Su hijo no ha perdido ocasión de confirmarle los planes de Catarina: hacer un reportaje gráfico de los escenarios del caso Humberto Delgado, que se publicará día tras día como la crónica de un viaje, y aprovechar el recorrido para indagar en su historia familiar.

Abel sabe que le está pidiendo que la ayude, pero sigue sin tener muy claro si quiere involucrarse en un asunto olvidado, que amenaza con trastocar sus rutinas, acompañando a una muchacha de la que tampoco sabe gran cosa.

A ratos siente la excitación de un principiante. Al fin y al cabo, descubrir la identidad de un hombre muerto en un sendero cerca del Guadiana, hace tantos años, parece la ocupación de un reportero local. Pero teme acabar aferrándose a ese cadáver como a un tronco a la deriva. Solo por sentirse útil. Puede que por última vez.

En cualquier caso, ya ha renunciado a entender por qué ese episodio menor ha ido cobrando más entidad que muchos acontecimientos del presente y por qué en la tarde de ayer le envió un correo electrónico a Catarina citándola esta misma mañana en el Pepe Botella. Todavía tiene preguntas pendientes.

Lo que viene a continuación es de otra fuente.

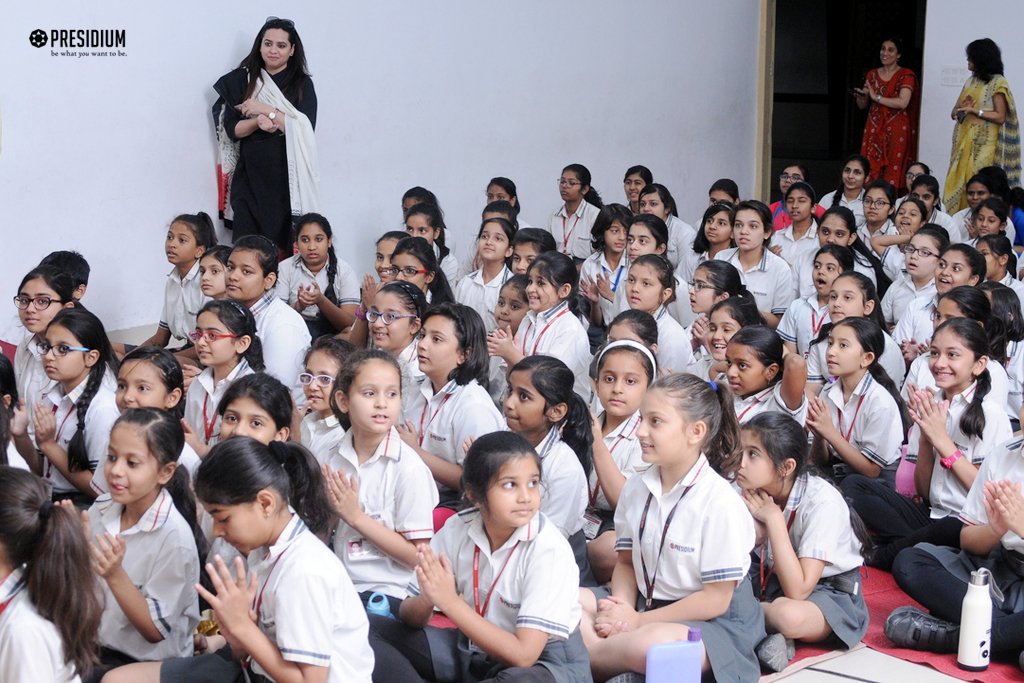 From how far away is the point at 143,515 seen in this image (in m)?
2.52

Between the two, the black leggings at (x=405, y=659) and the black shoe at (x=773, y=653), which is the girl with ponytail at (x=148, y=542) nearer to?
the black leggings at (x=405, y=659)

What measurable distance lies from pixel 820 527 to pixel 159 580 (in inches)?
55.7

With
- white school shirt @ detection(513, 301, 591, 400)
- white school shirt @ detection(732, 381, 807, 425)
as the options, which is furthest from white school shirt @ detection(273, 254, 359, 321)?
white school shirt @ detection(732, 381, 807, 425)

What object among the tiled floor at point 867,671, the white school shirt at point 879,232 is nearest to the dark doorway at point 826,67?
the white school shirt at point 879,232

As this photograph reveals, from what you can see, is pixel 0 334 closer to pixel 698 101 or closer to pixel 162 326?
pixel 162 326

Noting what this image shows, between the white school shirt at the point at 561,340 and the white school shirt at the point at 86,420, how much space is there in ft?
4.53

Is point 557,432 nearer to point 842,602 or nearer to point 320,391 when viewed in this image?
point 320,391

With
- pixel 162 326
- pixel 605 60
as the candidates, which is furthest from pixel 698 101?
pixel 162 326

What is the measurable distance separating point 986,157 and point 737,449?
512 centimetres

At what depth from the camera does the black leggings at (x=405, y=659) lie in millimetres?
2301

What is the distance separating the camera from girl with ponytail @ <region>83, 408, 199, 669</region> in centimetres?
246

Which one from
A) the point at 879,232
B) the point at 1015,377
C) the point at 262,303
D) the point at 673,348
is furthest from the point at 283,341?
the point at 879,232

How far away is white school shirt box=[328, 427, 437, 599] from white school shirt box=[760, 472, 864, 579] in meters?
0.78

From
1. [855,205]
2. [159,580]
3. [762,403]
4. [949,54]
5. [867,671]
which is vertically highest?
[949,54]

Cuando llega al café, la encuentra esperándolo en la barra. Lleva su cámara al hombro, los ojos silueteados con kohl y viste de negro nuevamente, pero tiene el pelo más corto, un poco andrógino. Lo saluda con una sonrisa abierta y se encaminan a la mesa junto al ventanal mientras Abel nota un leve escozor en su vanidad al descubrir que la muchacha es más alta que él.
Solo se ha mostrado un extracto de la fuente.